Nei successivi cinque anni, Rubén sarà trasferito in altri istituti, finché, ventenne, riuscirà a scappare dalla Russia approfittando del disordine generale della perestrojika. Arrivato fortunosamente a Praga, ritroverà la madre che non aveva mai più visto, così come mai più aveva visto il nonno, Ignacio Gallego. Fin da piccolo gli era stato insegnato, nelle aule in cui gli alunni provavano a scrivere tenendo la matita tra i denti, sdraiati sul pavimento ghiacciato, quanto era fortunato a essere nato in Urss, dove i bambini handicappati non venivano ammazzati come in America e dove il Comitato centrale del partito vegliava su di loro. «Allora non sapevo di avere il miglior nonno del mondo. Il migliore in assoluto. Non sapevo che mio nonno era segretario generale di un partito comunista. Non sapevo che aveva combattuto per la libertà del popolo spagnolo. [...] Era il nonno più buono del mondo, buono come nonno Lenin, come Breznev. Noi tutti sapevamo che Breznev voleva molto bene ai bambini e che ogni giorno si adoperava perché gli scolari sovietici avessero un'infanzia felice».
Adesso Rubén Gallego vive in Spagna, con la madre e la sorella, dopo essersi laureato in legge ed essersi sposato due volte. Due mogli, due figli. Una famiglia ritrovata. La scrittura. Che è come una baionetta, dice, con un solo colpo in canna. Senza rivalsa, senza astio, senza accusa.

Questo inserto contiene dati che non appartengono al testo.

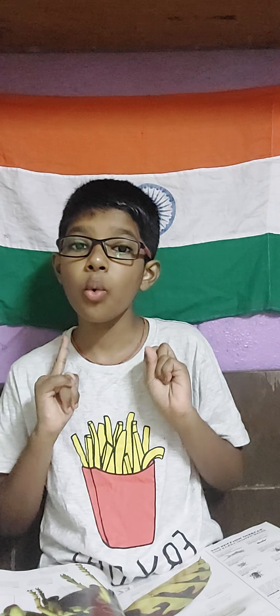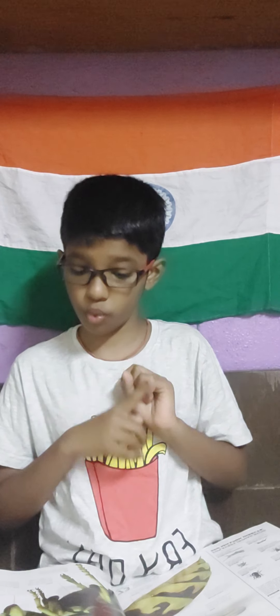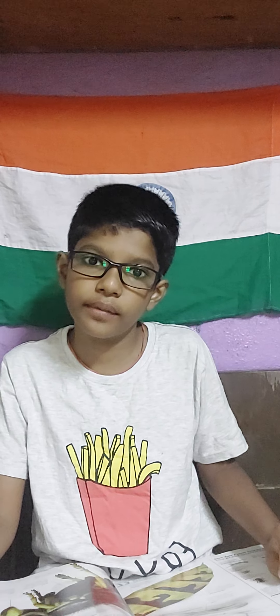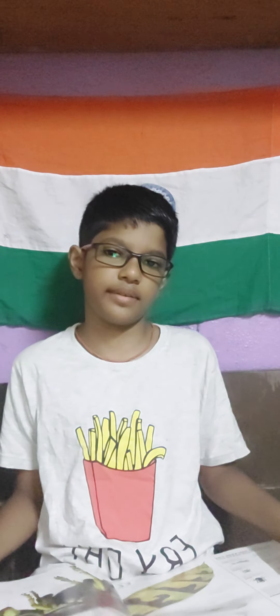In the previous vlog, we studied about Insects Part 1. Now today we will learn Part 2. Let's start.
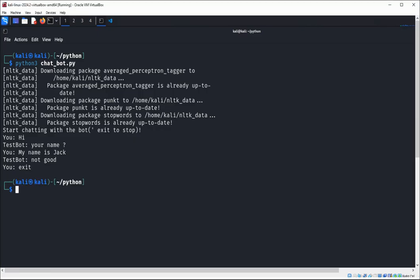This is how you can make a simple chatbot in Python. To keep on learning, please subscribe to my channel, like my video, keep supporting me, and thank you for watching.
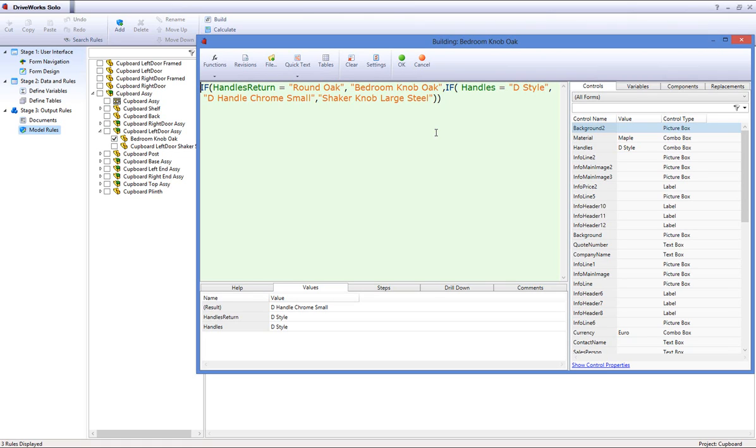You can also have a look under the Values tab in the Help and Diagnostics area to check the correct value is being driven. Then click OK to accept the rule. You can now close the Project Designer down.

L'anno scorso gli è stato assegnato il Booker Prize russo, il massimo riconoscimento letterario dell'ex Urss. Ha un suo sito, dove lettori e ammiratori gli scrivono, lo ringraziano, gli mandano messaggi di solidarietà. Dalla sua casa di Madrid risponde a tutti, battendo sulla testiera con l'indice della sinistra. Gli chiedono: «Cosa ne pensi di questo mondo in cui ci è toccato vivere?». Risponde: «È un buon mondo. Le ragazze sono belle e ci sono molte patate». Gli chiedono: «Cos'è che ti dà la forza di alzarti dal letto tutte le mattine? Con tutta la mia ammirazione per il tuo esempio». Risponde: «In generale, ho bisogno di fare la pipì. Come vedi non c'è nulla di cui essere ammirati». Gli domandano: «Tiene algún punto débil?». Risponde: «No puedo cagar sin ayuda de otra persona. Perdone la expresión». Dateci le lacrime delle cose, e risparmiateci le vostre, diceva Francesco De Sanctis.